Work through the listing below and give again exactly the lines from the one with "Christian Louboutin Funky" to the one with "8inch 20cm Tiffany", both ends included. All other lines and all pictures stay out.

***** DATA SHOWN *****

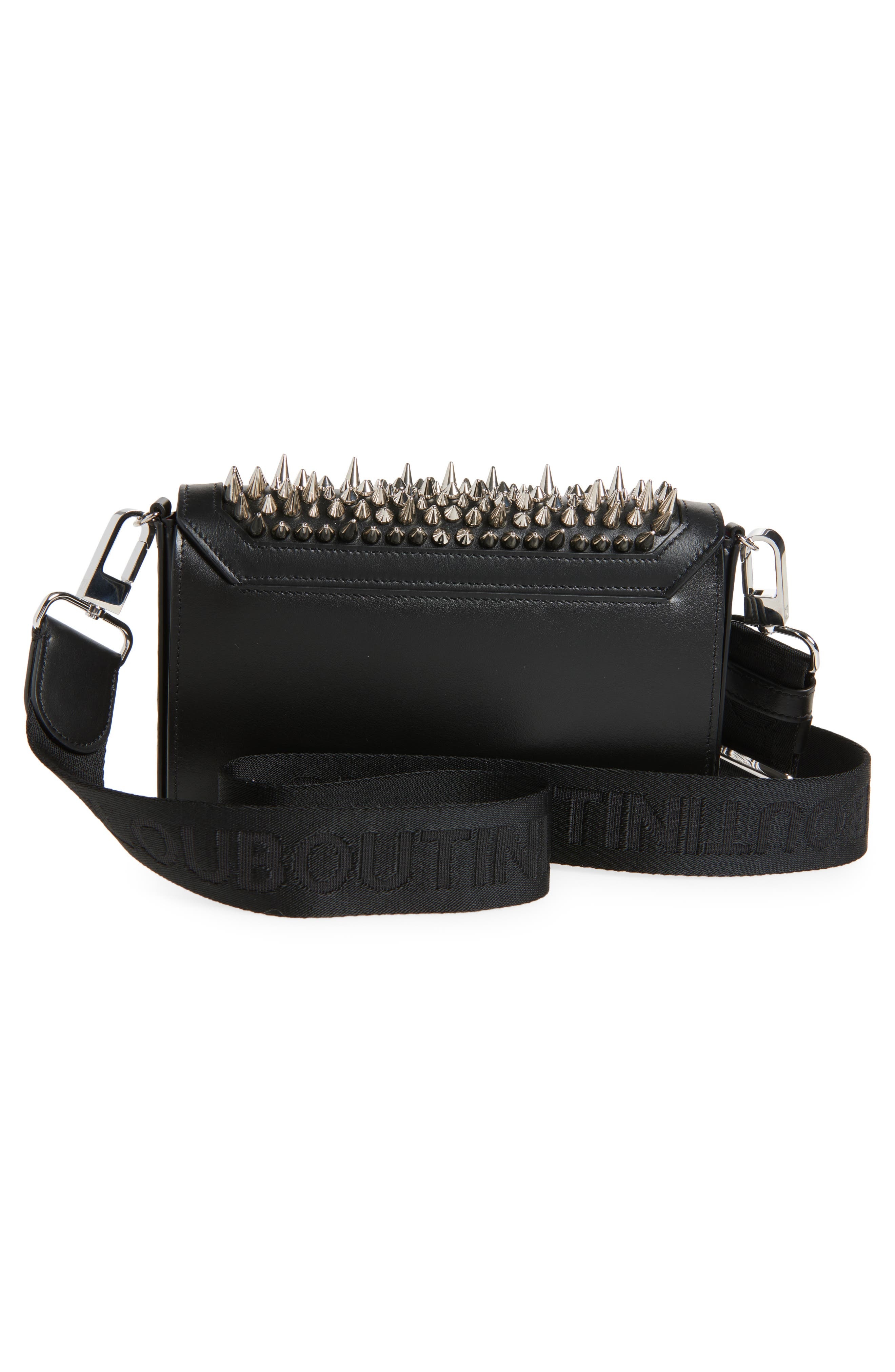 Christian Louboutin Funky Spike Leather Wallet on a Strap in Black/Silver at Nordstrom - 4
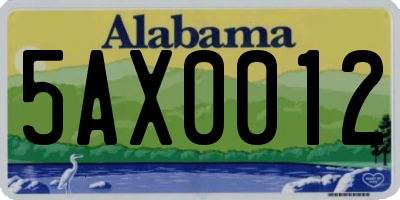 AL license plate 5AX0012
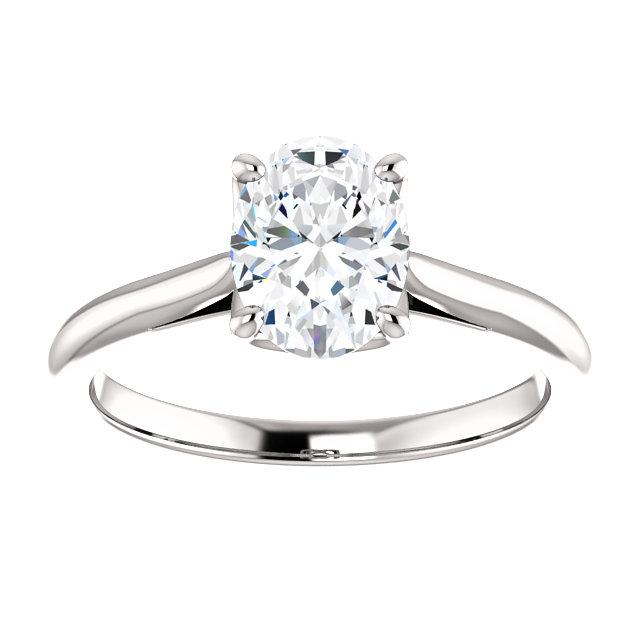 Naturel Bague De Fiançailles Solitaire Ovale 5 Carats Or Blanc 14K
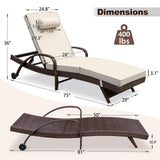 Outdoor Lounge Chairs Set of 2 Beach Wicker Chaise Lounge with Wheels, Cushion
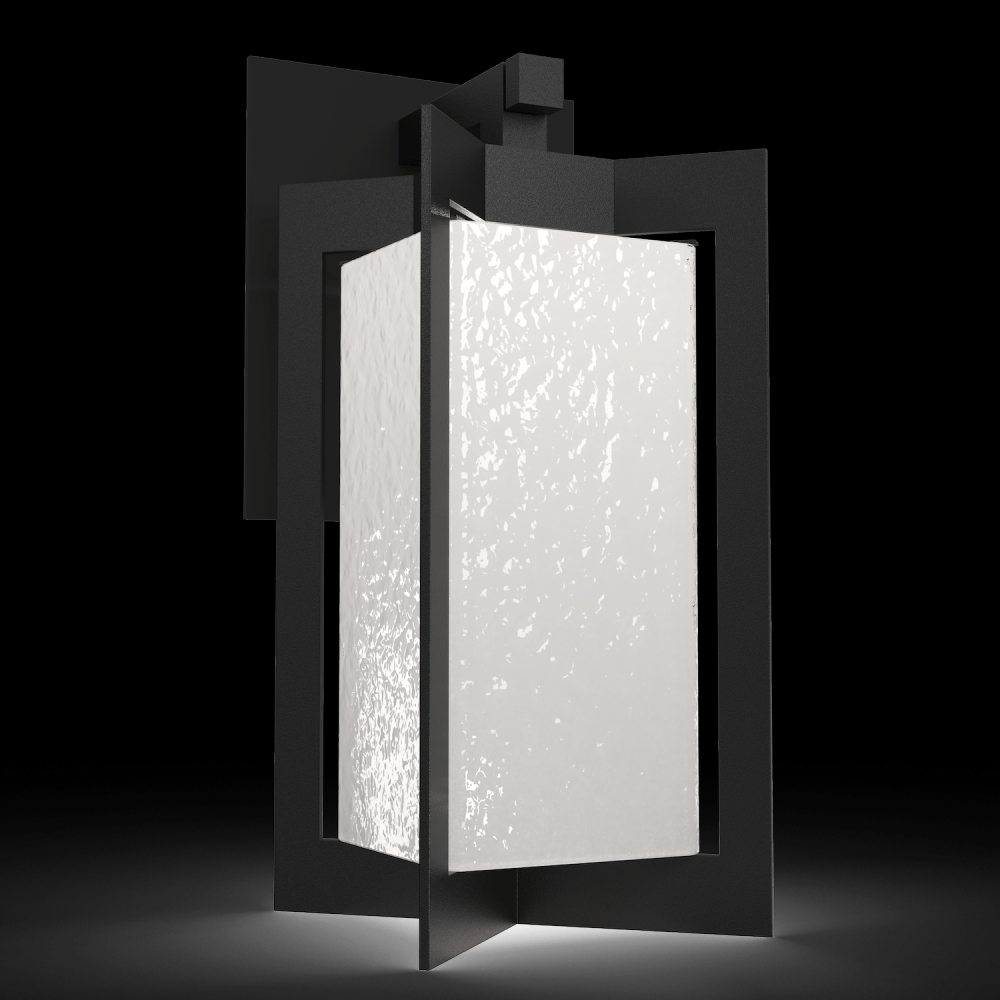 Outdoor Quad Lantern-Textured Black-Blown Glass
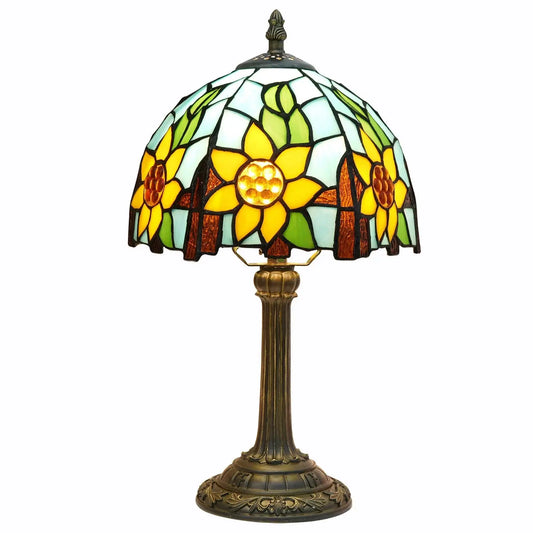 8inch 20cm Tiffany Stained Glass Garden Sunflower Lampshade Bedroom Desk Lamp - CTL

*****
***** DATA SHOWN *****

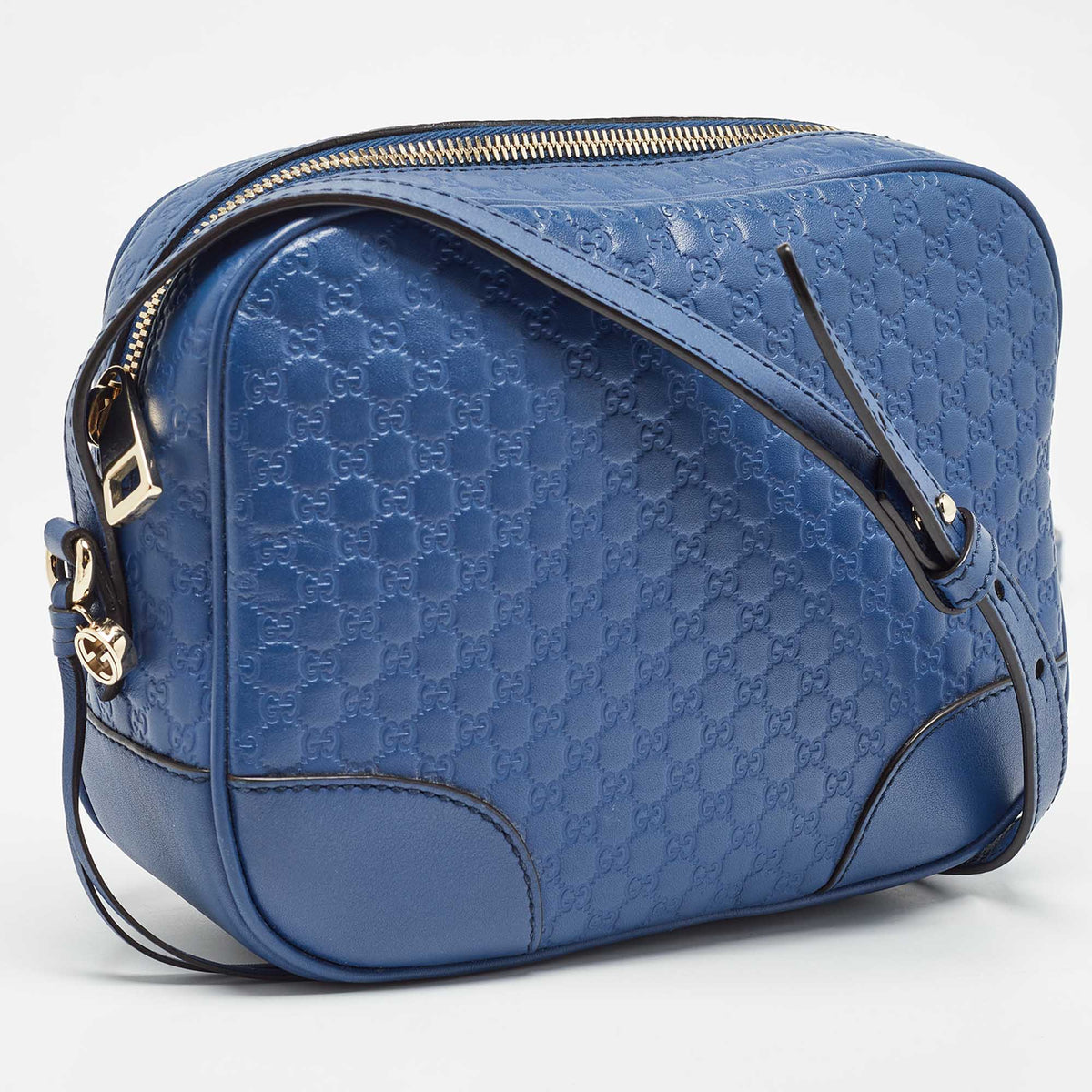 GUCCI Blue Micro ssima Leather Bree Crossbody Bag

*****
***** DATA SHOWN *****

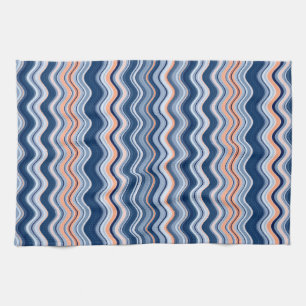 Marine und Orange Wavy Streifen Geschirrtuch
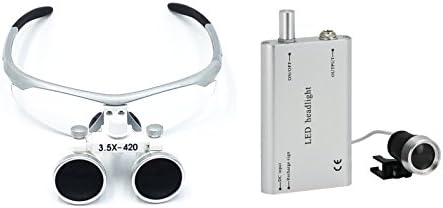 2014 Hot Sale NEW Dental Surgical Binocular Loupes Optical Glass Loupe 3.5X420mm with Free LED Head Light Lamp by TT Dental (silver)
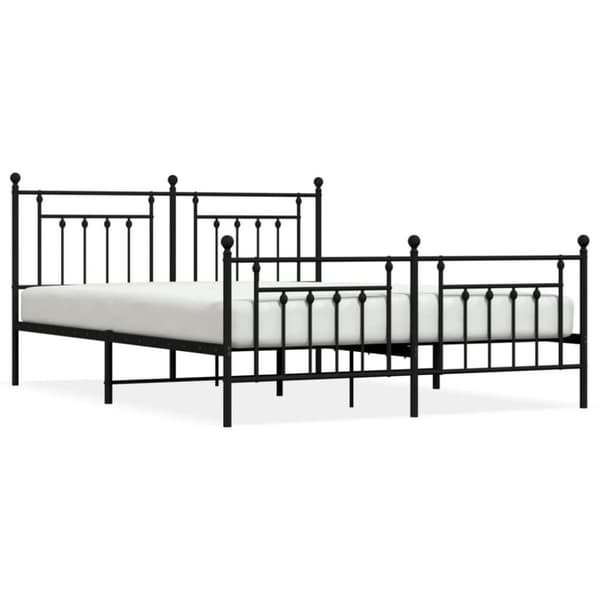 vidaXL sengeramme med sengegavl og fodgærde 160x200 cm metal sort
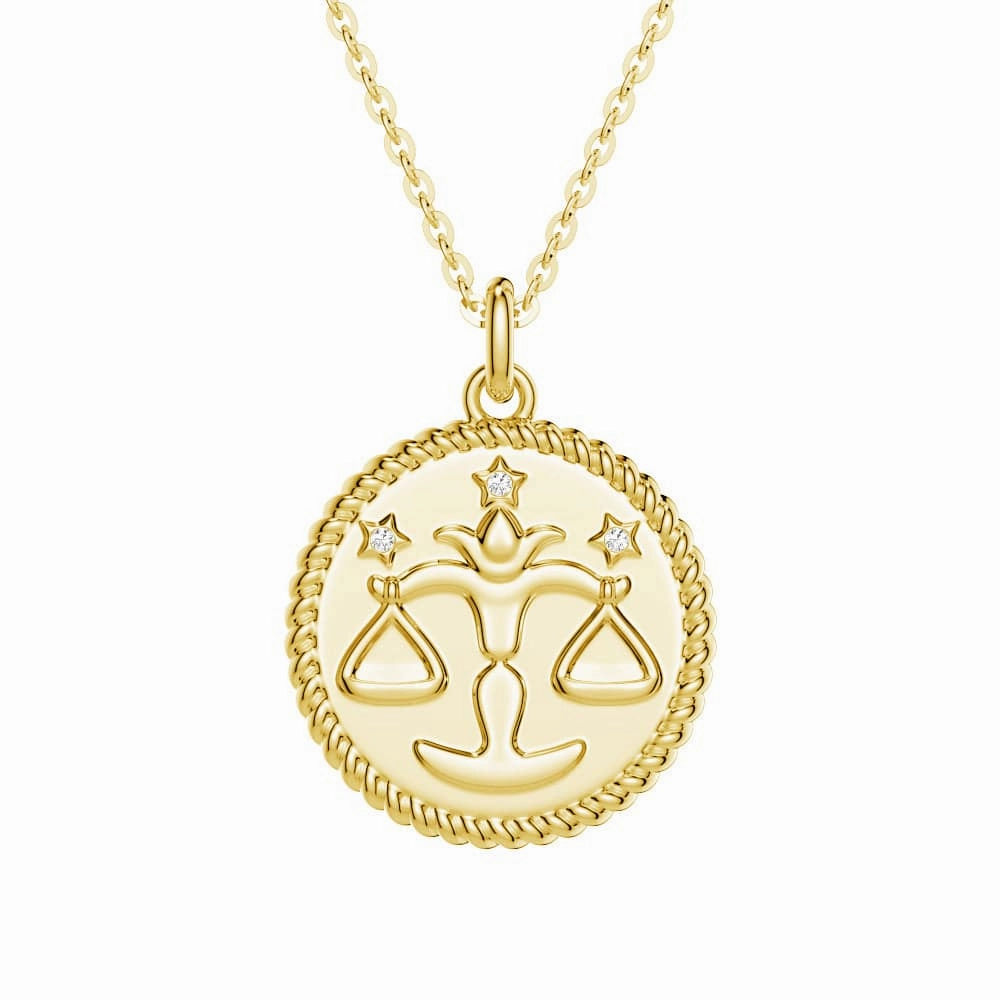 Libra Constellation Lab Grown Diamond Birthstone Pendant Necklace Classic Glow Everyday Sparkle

*****

## RESPONSE
 Christian Louboutin Funky Spike Leather Wallet on a Strap in Black/Silver at Nordstrom - 4
 AL license plate 5AX0012
 Naturel Bague De Fiançailles Solitaire Ovale 5 Carats Or Blanc 14K
 Outdoor Lounge Chairs Set of 2 Beach Wicker Chaise Lounge with Wheels, Cushion
 Outdoor Quad Lantern-Textured Black-Blown Glass
 8inch 20cm Tiffany Stained Glass Garden Sunflower Lampshade Bedroom Desk Lamp - CTL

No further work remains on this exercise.